Do fundamento à glória: construindo tudo em Cristo


 


Há pausas que Deus permite não para nos atrasar, mas para nos alinhar. Dias de silêncio, reflexão e menor movimento são como aquela inspeção cuidadosa que um engenheiro faz antes de autorizar novos andares em um prédio. Porque não adianta continuar construindo para cima se o fundamento estiver comprometido. É nesses dias que o Espírito nos chama a olhar com honestidade para aquilo que estamos levantando e perguntar, sem filtros e sem desculpas, se estamos realmente edificados em Cristo ou apenas usando o nome d’Ele para sustentar interesses pessoais, carências emocionais, necessidades não tratadas ou desejos disfarçados de propósito.

Pense na casa que Davi quis construir para Deus. Ele tinha boa intenção mas Deus disse não, porque o coração ainda carregava sangue de batalhas humanas (2 Samuel 7). Muitas pessoas constroem “para Deus” mas não “em Deus”. A obra continua de pé, porém o eixo se desloca. Quando Cristo deixa de ser o fundamento e passa a ser apenas um recurso, o edifício pode até parecer bonito, mas se torna instável. Basta uma tempestade, uma frustração ou um atraso para revelar onde tudo estava apoiado.

Imagine sua vida como uma estrada reta. É partir de Cristo como origem absoluta, ou seja, toda ideia, passo, decisão nasce no coração d’Ele e não na sua ansiedade ou comparação com o irmão do lado. É decidir que Cristo não será consultado apenas depois que tudo já foi planejado. Ele é o ponto de partida. Antes de perguntar “o que eu quero?”, a pergunta passa a ser “o que Ele quer?”. Cristo se torna o padrão, a régua, o critério. Se algo não nasce d’Ele, não vale a pena nem começar.

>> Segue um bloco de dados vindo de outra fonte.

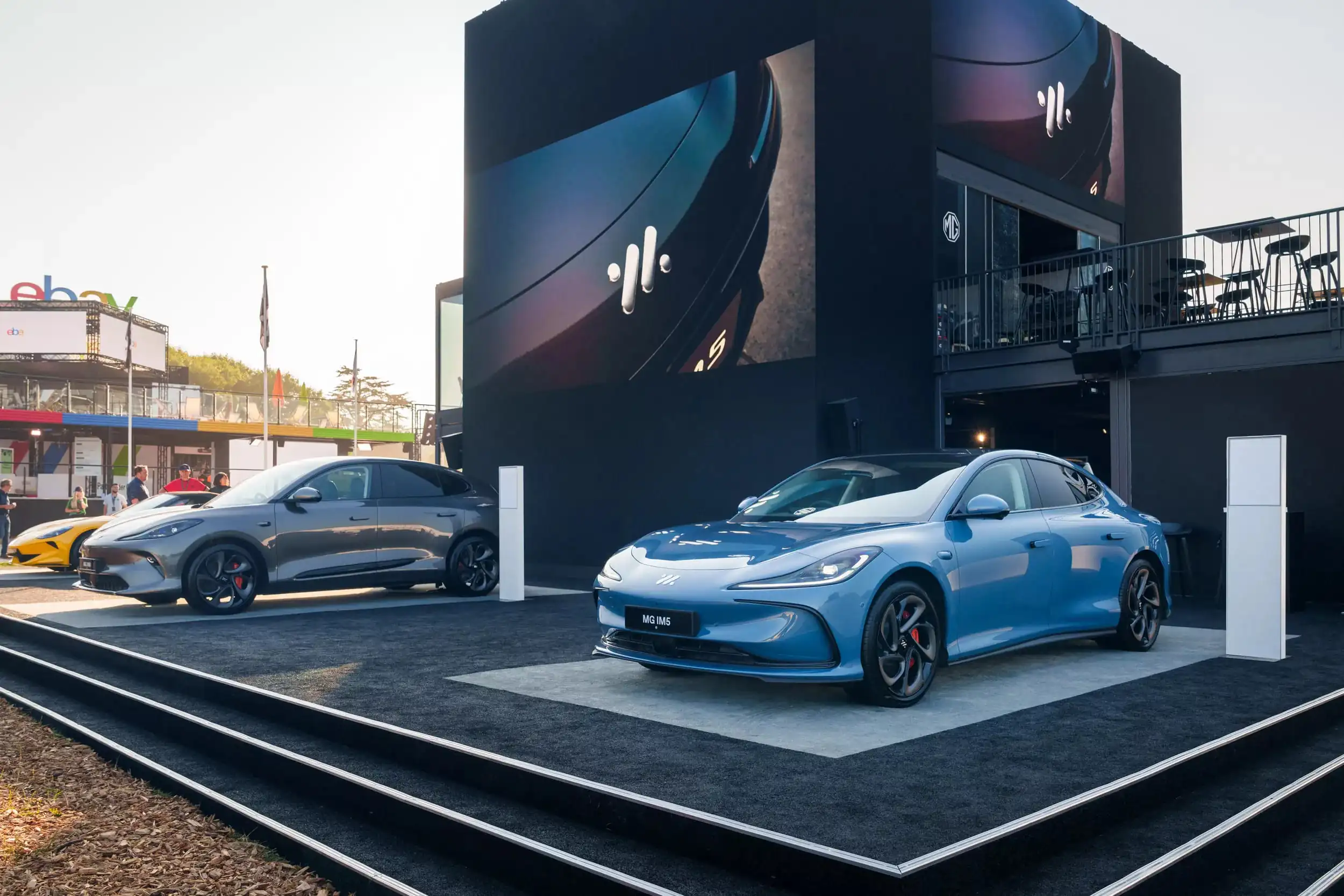 MG представила два новых электрокара на Фестивале скорости — photo 48427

Mas não basta começar em Cristo e tentar terminar na força do braço. Ser cristocêntrico é manter Cristo no centro enquanto se constrói. É reconhecer que Ele não é só a origem, mas a vida do processo. Não é apenas “a partir dEle”, é “através dEle”. Aqui morre o orgulho espiritual de quem diz “Deus me deu a visão, agora eu executo”. Não! Se Ele não sustentar cada passo, o que começou no Espírito termina na carne. Permanecer cristocêntrico é resistir à tentação de dar o “jeitinho”, de acelerar etapas, de assumir o controle quando o processo aperta.

E, por fim, é lembrar que o destino também é Ele. Cristo não é só a porta que se abre no início, nem apenas o caminho no meio da jornada, mas também Ele é a linha de chegada. A glória não é nossa, o reconhecimento não é nosso, o aplauso não é nosso. Tudo termina n’Ele. Quando a obra cresce, quando os frutos aparecem, quando as portas se abrem, o coração precisa estar decidido: “A Ele seja toda honra, toda glória e todo louvor”. O problema nunca foi Deus nos usar; o problema é quando queremos usar o que Deus fez para promover a nós mesmos.

A grande meta para 2026, 2027, 2028 e todos os anos que virão não é produzir mais, correr mais ou aparecer mais. É não construir absolutamente nada fora desse fundamento. Porque tudo o que não nasce dEle, não permanece por Ele e não termina para Ele, mais cedo ou mais tarde desmorona. Como diz a Escritura: “Porque dEle, e por Ele, e para Ele são todas as coisas” (Romanos 11:36).

Que este novo ano seja menos sobre planos inflados e mais sobre fundamentos ajustados. Menos sobre acrescentar coisas e mais sobre remover tudo aquilo que não é d’Ele, por Ele e para Ele. Que você tenha um 2026 totalmente em Cristo, no começo, no meio e no fim.